Mezclaremos ambos ingredientes hasta conseguir una pasta marrón.

¿Quieres conocer más? Lee: Consumir cacao reduce el envejecimiento cerebral

2. Aloe vera y melón

Cada vez son más las personas que tienen una planta de aloe vera en casa, ya que el gel que se extrae de sus pencas es un remedio inmediato para heridas y quemaduras, que calma y ayuda a que la piel se regenere sin dejar marcas.

No obstante, también podemos comprar gel de aloe vera (lo más natural posible) para tenerlo siempre a mano.
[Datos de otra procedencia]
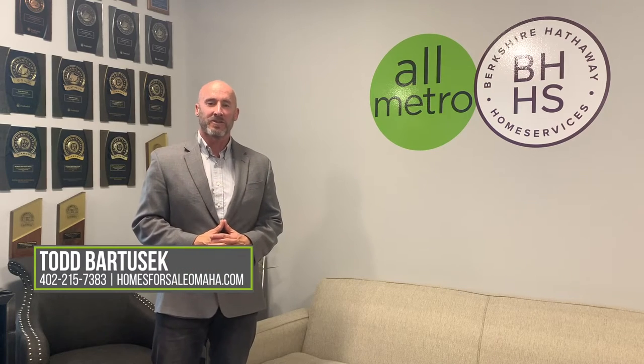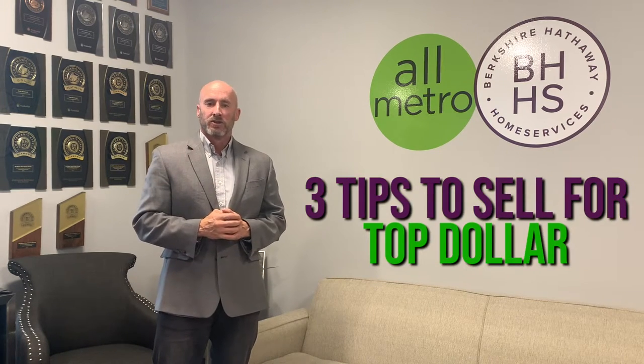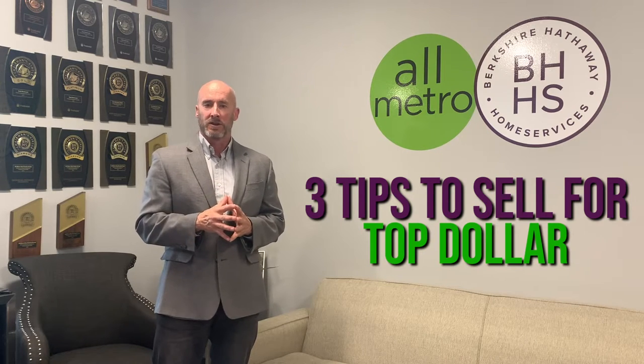Hi, I'm Todd Bartusek with Berkshire Hathaway Real Estate in the All-Metro Real Estate Group. So this spring, if you're thinking about selling your home, there's three really important tricks and tips to think about to get top dollar for your house.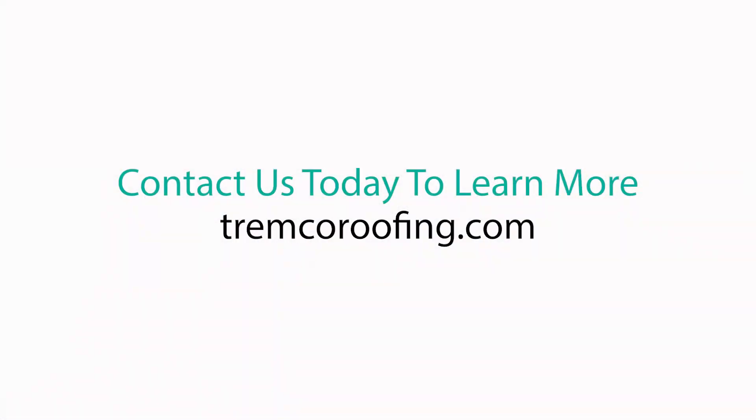For more information on how to keep your building and its occupants comfortable, dry, and safe, please contact us today.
Su textura gelatinosa nos permitirá mezclarlo bien con un trozo de melón, que machacaremos con la ayuda de un tenedor para sacarle el jugo y usar también parte de la pulpa.

El melón aporta la hidratación que la piel ha perdido durante la exposición al sol.

Si nos queda una mascarilla demasiado líquida podemos humedecer unas gasas estériles y aplicárnoslas encima del rostro mientras estamos tumbados boca arriba.

3. Sandía y miel

Sandias

Esta mascarilla es también una deliciosa bebida que podemos tomarnos para hidratar nuestro organismo también por dentro, lo cual mejorará nuestra recuperación.

La sandía es, según la medicina tradicional china, uno de los mejores remedios naturales para combatir las afecciones enrojecidas que desprenden calor como, por ejemplo, las quemaduras.

Y si, en primer lugar, la enfriamos en la nevera, todavía será más calmante y efectiva.

La miel de abeja, por su parte, le aporta a esta mascarilla un extra de hidratación y protección para nuestro cutis. 

Batiremos un trozo de sandía con una cucharada de miel de abeja. Al ser una mascarilla muy líquida sí que necesitaremos aplicarla obligatoriamente con gasas, como la de aloe vera y melón.

4. Aguacate y huevo

Mascarillas post-solares

Una mascarilla excelente para facilitar la recuperación de las pieles normales o secas que están enrojecidas por el sol y que también puede ser beneficiosa si nos la aplicamos antes de la exposición, para conseguir un bronceado más bonito y saludable.

Con estos dos ingredientes conseguiremos calmar la piel a la vez que la nutrimos en profundidad, ya que tanto el aguacate como el huevo contienen ácidos grasos esenciales.

Batiremos el huevo entero y le añadiremos medio aguacate machacado.

5. Patata y aceite de oliva

Esta curiosa mascarilla nos aliviará cuando la quemadura que nos hemos producido es molesta o incluso dolorosa, ya que la patata tiene un alto poder calmante. El aceite de oliva también añadirá beneficios nutritivos y calmantes.

Para preparar esta mascarilla podemos hacerlo de dos formas. La primera consiste en utilizar puré de patata frío, mientras que para la segunda deberemos licuar una patata cruda.

A la forma que elijamos, le añadiremos un buen chorro de aceite de oliva virgen extra.

En caso de hacer el licuado, usaremos las gasas estériles para aplicarla. En cambio, si preparamos el puré de patata, su aplicación podrá ser directa e incluso podremos poner una buena capa.

Si la quemadura es importante o nos aparecen ampollas en la piel deberemos evitar hacernos ningún tratamiento. Deberá ser un dermatólogo el que determine el tratamiento adecuado.